Scraped caption text data
☆ ☆ ☆ ☆ ☆

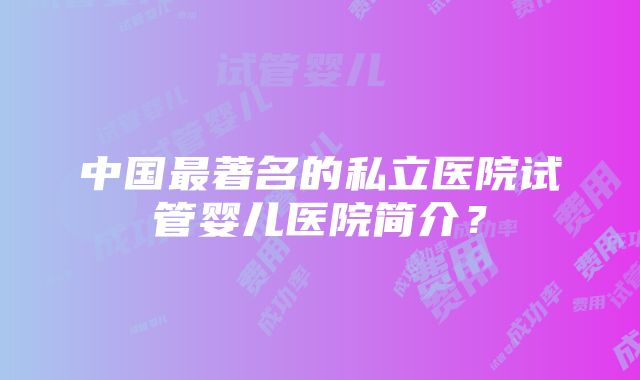 中国最著名的私立医院试管婴儿医院简介？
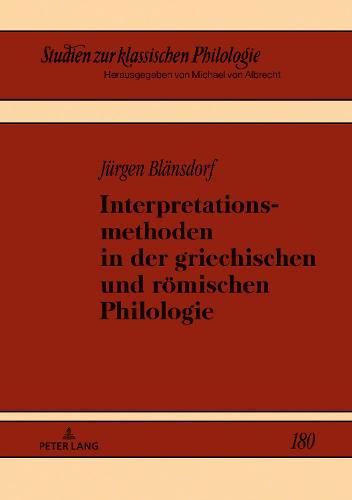 Interpretationsmethoden in der griechischen und roemischen Philologie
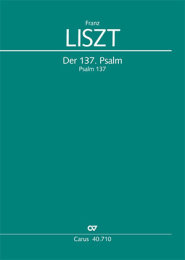 Der 137. Psalm - Franz Liszt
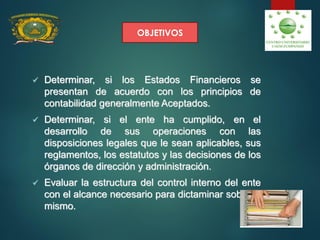 OBJETIVOS
O
 Determinar, si los Estados Financieros se
presentan de acuerdo con los principios de
contabilidad generalmente Aceptados.
 Determinar, si el ente ha cumplido, en el
desarrollo de sus operaciones con las
disposiciones legales que le sean aplicables, sus
reglamentos, los estatutos y las decisiones de los
órganos de dirección y administración.
 Evaluar la estructura del control interno del ente
con el alcance necesario para dictaminar sobre el
mismo.
 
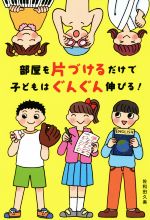 【中古】 部屋を片づけるだけで、子どもはぐんぐん伸びる！／佐和田久美(著者)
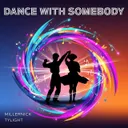 Dance with Somebody by Tylight, MillerNick - Hardstyle cover art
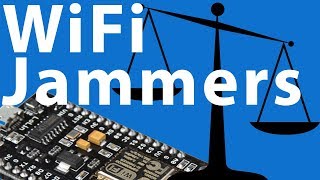 WiFi Jammers/Deauthers | Legal?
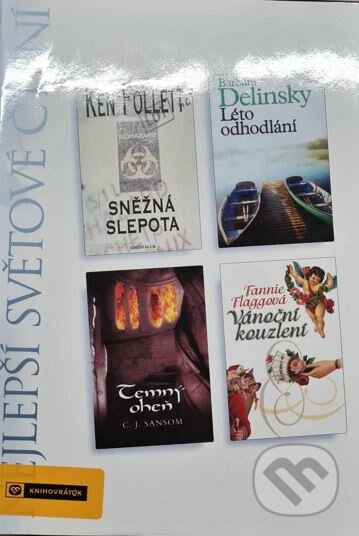 Kniha: Sněžná slepota, Léto odhodlání, Temný oheň, Vánoční kouzlení (Barbara Delinsky, C. J. Sansom, Fannie Flagg a Ken Follett). , 2006 Kniha: Sněžná slepota, Léto odhodlání, Temný oheň, Vánoční kouzlení (Barbara Delinsky, C. J. Sansom, Fannie Flagg a Ken Follett). , 2006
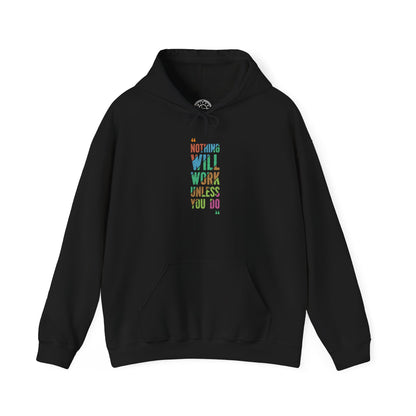 Nothing Will Work Unless You Do -  Hoodie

☆ ☆ ☆ ☆ ☆

◆ ACTIVITY:
Copy out the entries verbatim, but skip every picture.

◆ OUTPUT:
 中国最著名的私立医院试管婴儿医院简介？
 Interpretationsmethoden in der griechischen und roemischen Philologie
 Der 137. Psalm - Franz Liszt
 OBJETIVOS
O
 Determinar, si los Estados Financieros se
presentan de acuerdo con los principios de
contabilidad generalmente Aceptados.
 Determinar, si el ente ha cumplido, en el
desarrollo de sus operaciones con las
disposiciones legales que le sean aplicables, sus
reglamentos, los estatutos y las decisiones de los
órganos de dirección y administración.
 Evaluar la estructura del control interno del ente
con el alcance necesario para dictaminar sobre el
mismo.
 
 【中古】 部屋を片づけるだけで、子どもはぐんぐん伸びる！／佐和田久美(著者)
 Dance with Somebody by Tylight, MillerNick - Hardstyle cover art
 WiFi Jammers/Deauthers | Legal?
 Kniha: Sněžná slepota, Léto odhodlání, Temný oheň, Vánoční kouzlení (Barbara Delinsky, C. J. Sansom, Fannie Flagg a Ken Follett). , 2006 Kniha: Sněžná slepota, Léto odhodlání, Temný oheň, Vánoční kouzlení (Barbara Delinsky, C. J. Sansom, Fannie Flagg a Ken Follett). , 2006
 Nothing Will Work Unless You Do -  Hoodie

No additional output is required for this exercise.